[<prev] [next>] [<thread-prev] [thread-next>] [day] [month] [year] [list]
Message-ID: <4BBF0784.2060002@lumino.de>
Date: Fri, 09 Apr 2010 12:55:00 +0200
From: Michael Schnell <mschnell@...ino.de>
To: unlisted-recipients:; (no To-header on input)
CC: linux-kernel <linux-kernel@...r.kernel.org>,
nios2-dev <nios2-dev@...c.et.ntust.edu.tw>
Subject: Re: atomic RAM ?
On 04/08/2010 03:37 PM, Alan Cox wrote:
> Sorry, but FUTEX is *irrelevant*, utterly and totally. It's an
> implementation of a model of fast user space locking for certain classes
> of processor, and its not exposed to applications in that form.
>
FUTEX is kind of _invisible_ to the user code.Usually it's hidden behind
pthread_mutex() and pthread_mutex_...() automatically falls back to
non-FUTEX based locking (that always do Kernel calls).
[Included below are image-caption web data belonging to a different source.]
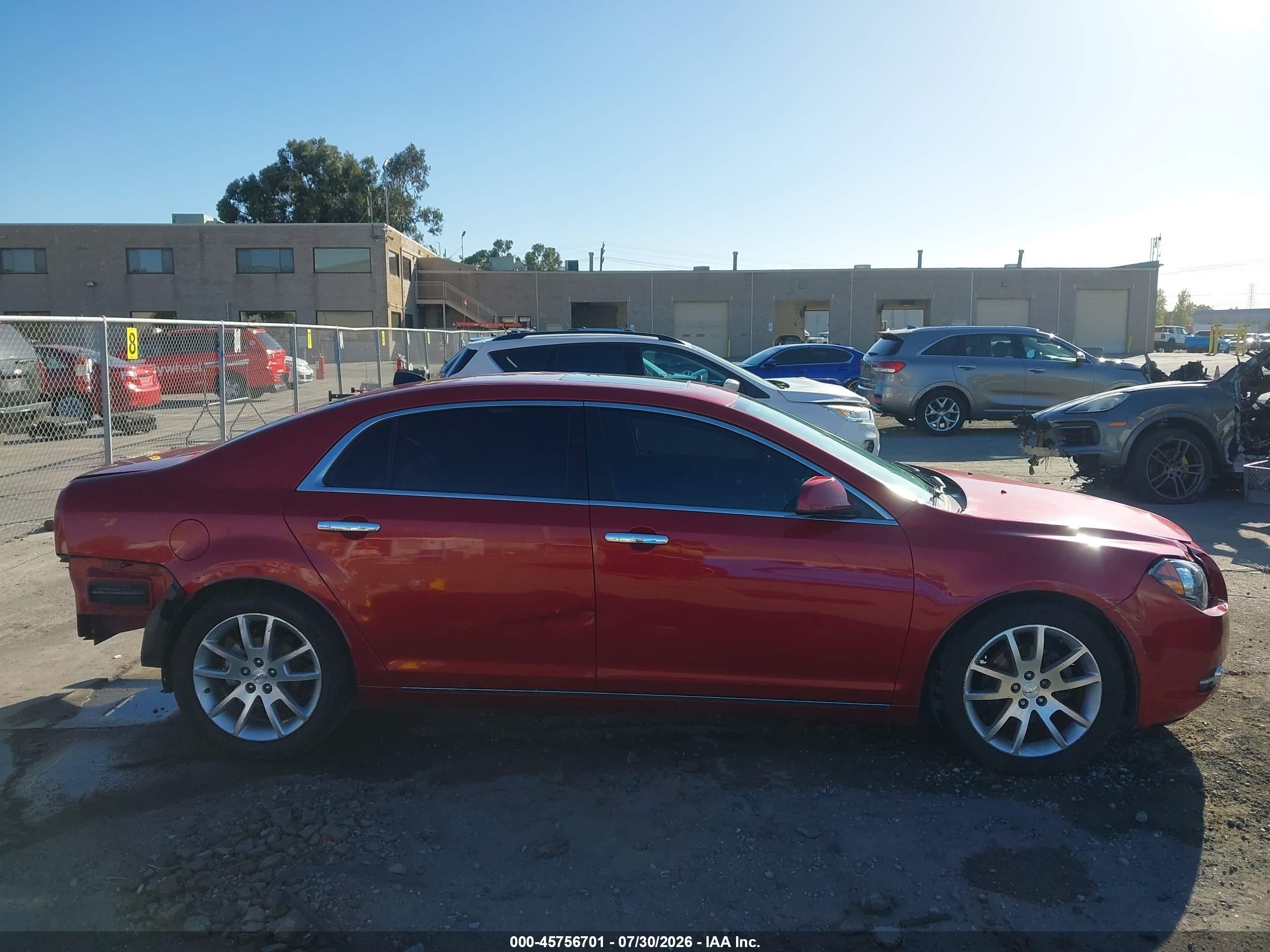 2012 Chevrolet Malibu 1lz Red vin: 1G1ZE5E08CF278086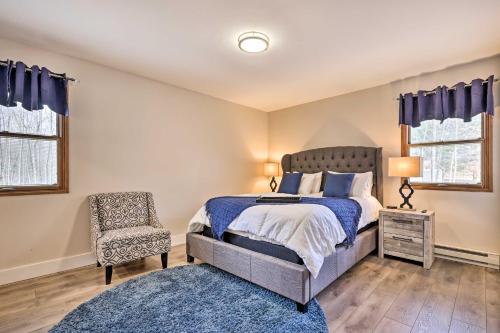Modern East Stroudsburg Home w/ Pool + Fire Pit in Marshalls Creek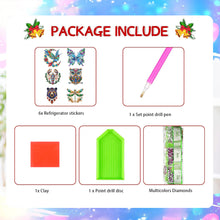 Load image into Gallery viewer, 6Pcs Acrylic Animals Diamond Painting Refrigerator Magnet for Fridge Whiteboards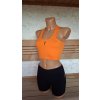 Crop top podprsenka Venturelli Oranžová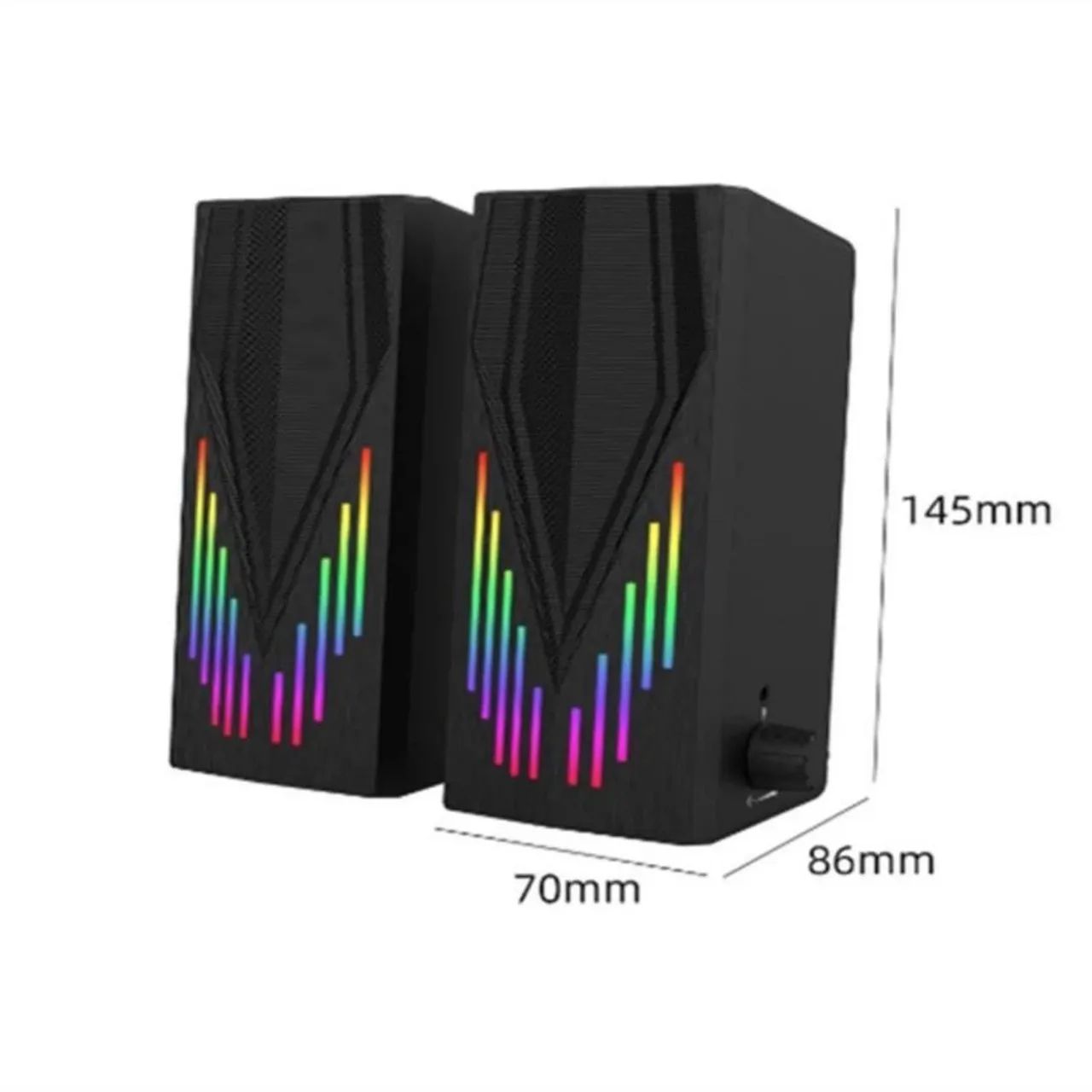 Caixas de Som para Computador com Iluminação RGB - Foto 3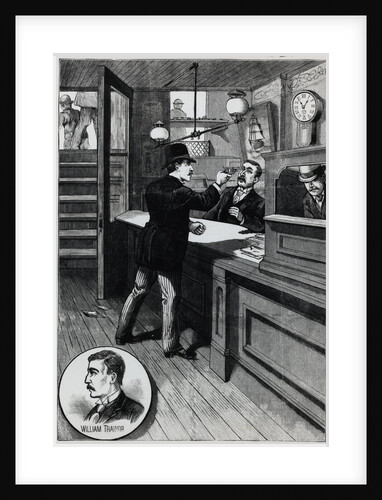 Illustration of Robber Holding Up Broker's Office by Anonymous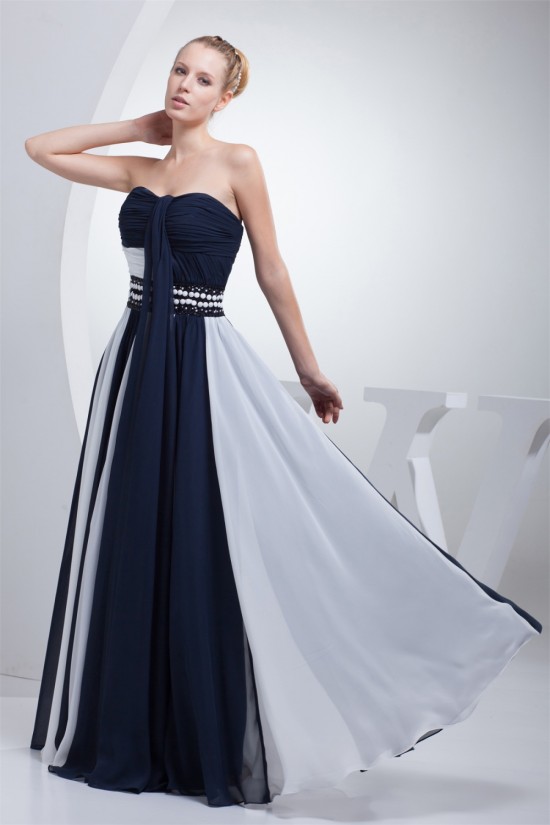 A-Line Sleeveless Beading Floor-Length Soft Sweetheart Prom/Formal Evening Dresses 02020031 A-Line Sleeveless Beading Floor-Length Soft Sweetheart Prom/Formal Evening Dresses 02020031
But it is very relevant, as without it, a multithreaded application will
perform a lot poorer. Here many locks might be necessary to protect
resources (mostly modifications to memory locations) used by multiple
threads (running on multiple CPUs when doing SMP). This can happen very
often and always doing two Kernel calls (lock and unlock) is a very poor
option. This problem is even worse with the archs in question as even a
simple inc can't be done in an atomic way (even using ASM) and even for
this, a lock is necessary (or directly using the "atomic" macros we talk
about and that are not correctly implemented for the said archs right now).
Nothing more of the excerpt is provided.